Crawled caption data:
--------------------------------------------------

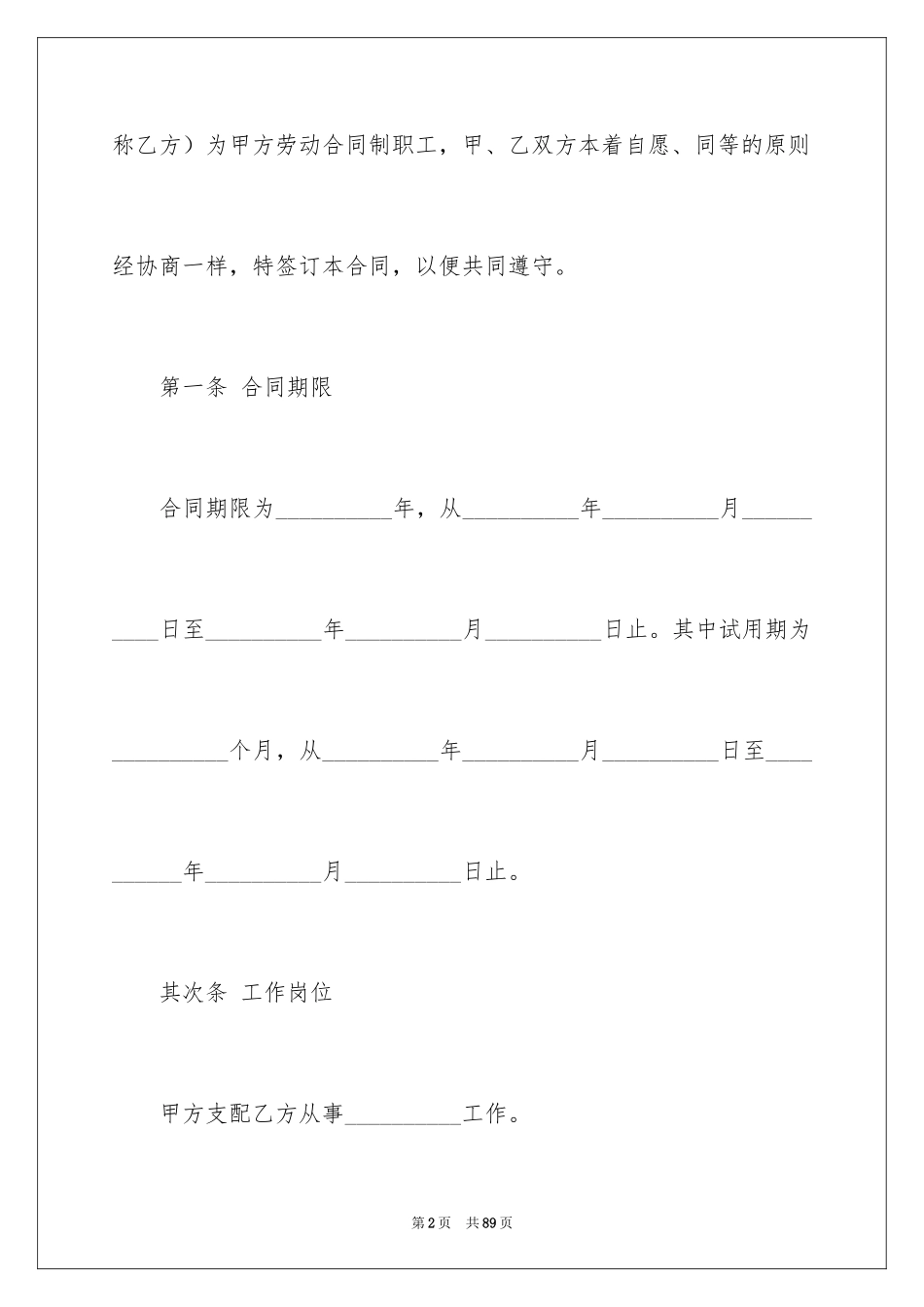 2024劳动合同制职工劳动合同_2_第2页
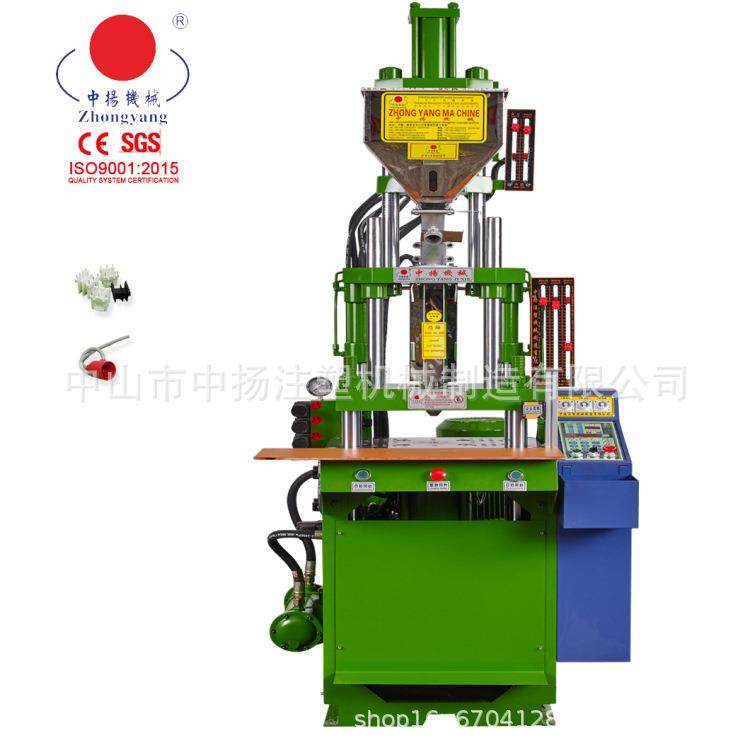 立式注塑机鸽子环五金包胶产品注塑成型机,五金/工具,注塑机,淘宝优惠券,粉丝福利购,淘宝优惠卷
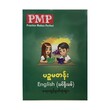 Pmp Grade - 5 English Wookbook (New Corse)
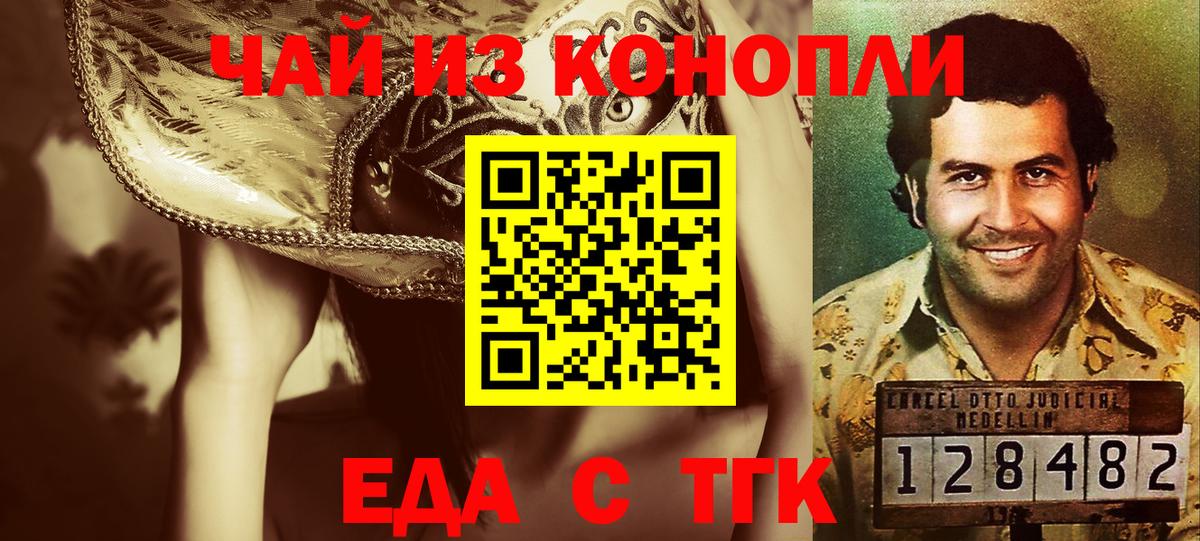 Еда ТГК марихуана  Вход с VPN  Великий Новгород 
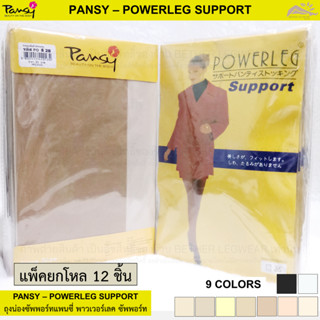 (ยกโหล) ถุงน่องซัพพอร์ทแพนซี่ Pansy - Powerleg Support (12 ช…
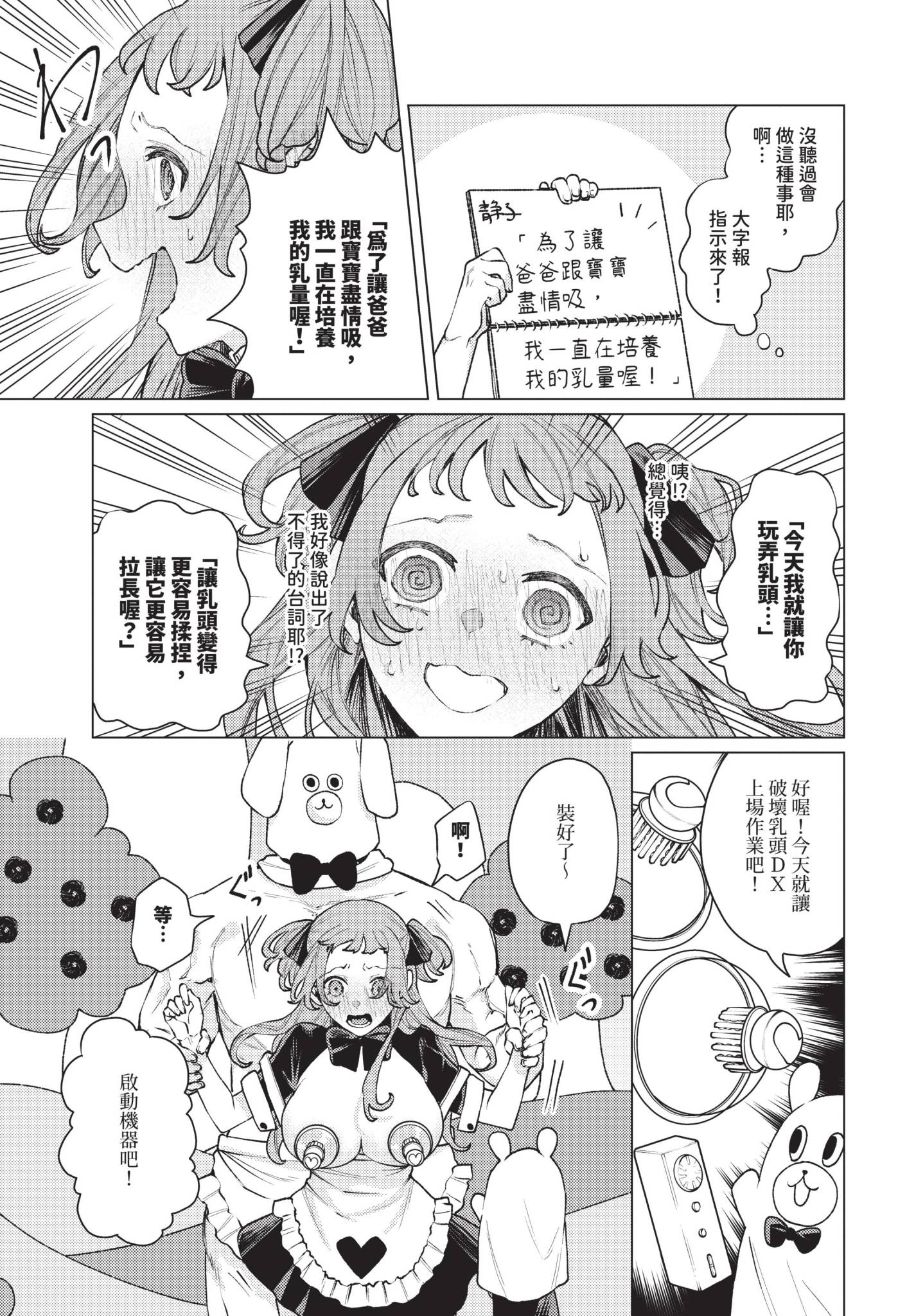 [ヒノ山田] 性教育番組「子作りを学ぼう！」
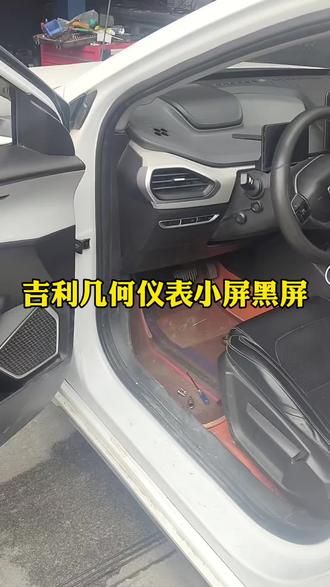 吉利几何维修仪表黑屏#同城#老邓新能源三电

--------------------------------------------------

● **EXERCISE DETAILS**: Could you set down, exactly as written, every line from the one with "立式注塑机鸽子环五金包胶产品" to the end of the data, both ends included? Leave out the pictures.

● **RESPONSE TO THIS EXERCISE**:
 立式注塑机鸽子环五金包胶产品注塑成型机,五金/工具,注塑机,淘宝优惠券,粉丝福利购,淘宝优惠卷
 Pmp Grade - 5 English Wookbook (New Corse)
 Еда ТГК марихуана  Вход с VPN  Великий Новгород 
 (ยกโหล) ถุงน่องซัพพอร์ทแพนซี่ Pansy - Powerleg Support (12 ช…
 [ヒノ山田] 性教育番組「子作りを学ぼう！」
 吉利几何维修仪表黑屏#同城#老邓新能源三电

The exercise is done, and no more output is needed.